We have trimmed this listing significantly for clarity, but the key elements of this trace are obvious. This trace resulted from a timer interrupt. In the hardirq thread, little is done beyond queuing up some work for later in a softirq context. This is seen by the wakeup_softirqd() function at 23 microseconds and is typical for interrupt processing. This triggers the need_resched flag, as shown in the trace by the n in the third column of the second field. At 49 microseconds, after some processing in the timer softirq, the scheduler is invoked for preemption.

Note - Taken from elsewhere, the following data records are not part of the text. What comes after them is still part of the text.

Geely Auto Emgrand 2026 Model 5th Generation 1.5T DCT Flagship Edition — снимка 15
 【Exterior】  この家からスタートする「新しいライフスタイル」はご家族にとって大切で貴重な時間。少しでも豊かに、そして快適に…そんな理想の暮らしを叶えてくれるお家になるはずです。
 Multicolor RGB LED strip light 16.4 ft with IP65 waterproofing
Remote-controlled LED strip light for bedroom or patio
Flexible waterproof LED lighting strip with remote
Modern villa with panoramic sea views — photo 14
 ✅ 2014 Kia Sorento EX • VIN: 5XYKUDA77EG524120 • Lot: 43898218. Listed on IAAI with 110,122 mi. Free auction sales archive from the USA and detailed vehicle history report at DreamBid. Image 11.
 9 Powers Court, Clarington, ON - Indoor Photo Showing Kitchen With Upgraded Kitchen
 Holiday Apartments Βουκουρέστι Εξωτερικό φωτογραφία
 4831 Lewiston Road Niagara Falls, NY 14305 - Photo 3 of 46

At 74 microseconds, control is passed to the actual softirqd-timer/0 thread running in this particular kernel as PID 3. (The process name was truncated to fit the field width and is shown as <...>.)

Most of the fields of Listing 17-7 have obvious meanings. The irqs-off field contains a D for sections of code where interrupts are off. Because this latency trace is an interrupts off trace, we see this indicated throughout the trace. The need_resched field mirrors the state of the kernel's need_resched flag. An n indicates that the scheduler should be run at the soonest opportunity, and a period (.) means that this flag is not active. The hardirq/softirq field indicates a thread of execution in hardirq context with h, and softirq context with s. The preempt-depth field indicates the value of the kernel's preempt_count variable, an indicator of nesting level of locks within the kernel. Preemption can occur only when this variable is at zero.

17.4.8. Debugging Deadlock Conditions

The DEBUG_DEADLOCKS kernel configuration option enables detection and reporting of deadlock conditions associated with the semaphores and spinlocks in the kernel. When enabled, potential deadlock conditions are reported in a fashion similar to this:

==========================================    [ BUG: lock recursion deadlock detected! |    ------------------------------------------    ...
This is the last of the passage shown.